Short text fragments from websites
/---

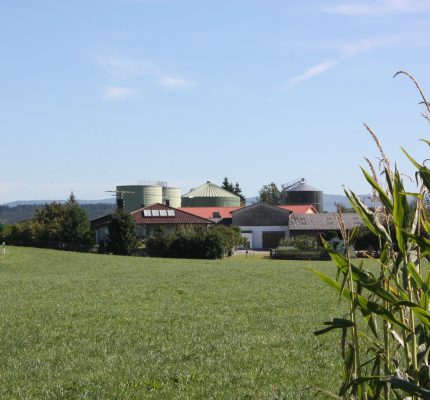 BMEL-Förderung bietet Bestands-Biogasanlagen bis zu 40-prozentigen Zuschuss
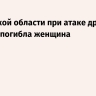 В Брянской области при атаке дрона на автобус погибла женщина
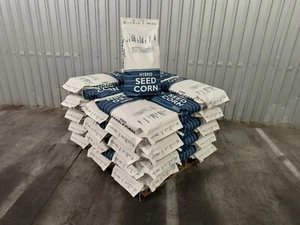 Hybrid Seed Corn 111 Day SF * Seed Corn* - Picture 1 of 3
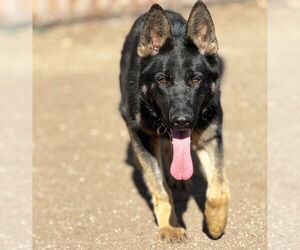 German Shepherd Dog Dogs for adoption in W Hollywood, CA, USA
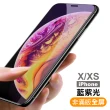 iPhone X XS 鋼化膜手機9H保護貼 防窺 藍紫光(3入 iPhoneXS手機殼 iPhoneX手機殼)
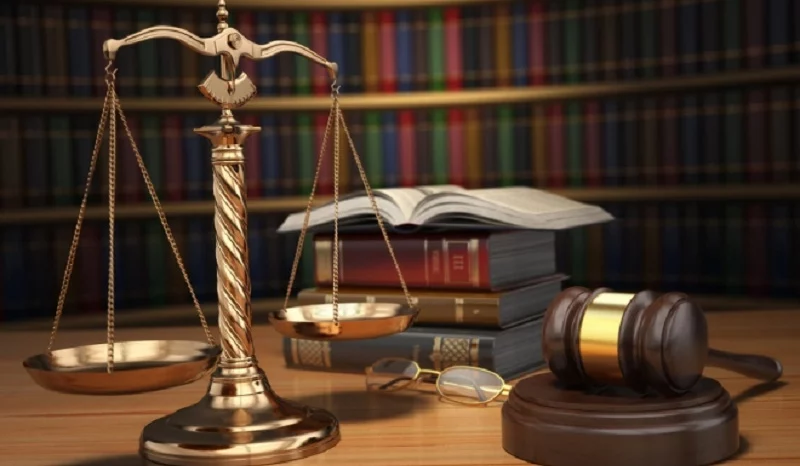 thuc-hien-phap-luat-co-4-hinh-thuc-khac-nhau_2804084809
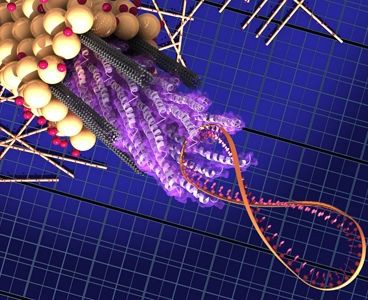 Иллюстрация: Matt Klug, MIT Biomolecular Materials Group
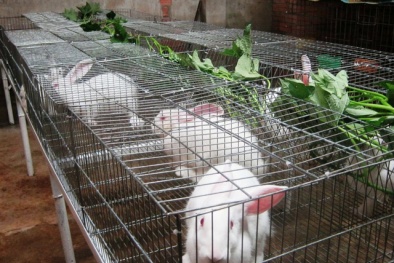 Kỹ thuật nuôi thỏ thịt tại nhà cải thiện kinh tế gia đình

\---

Return exactly, and only, the lines that run from the line containing "Иллюстрация: Matt Klug, MIT" to the last line of the entries above, both ends included, with pictures left out.

▸ **RESULT BELOW**:
 Иллюстрация: Matt Klug, MIT Biomolecular Materials Group
 Kỹ thuật nuôi thỏ thịt tại nhà cải thiện kinh tế gia đình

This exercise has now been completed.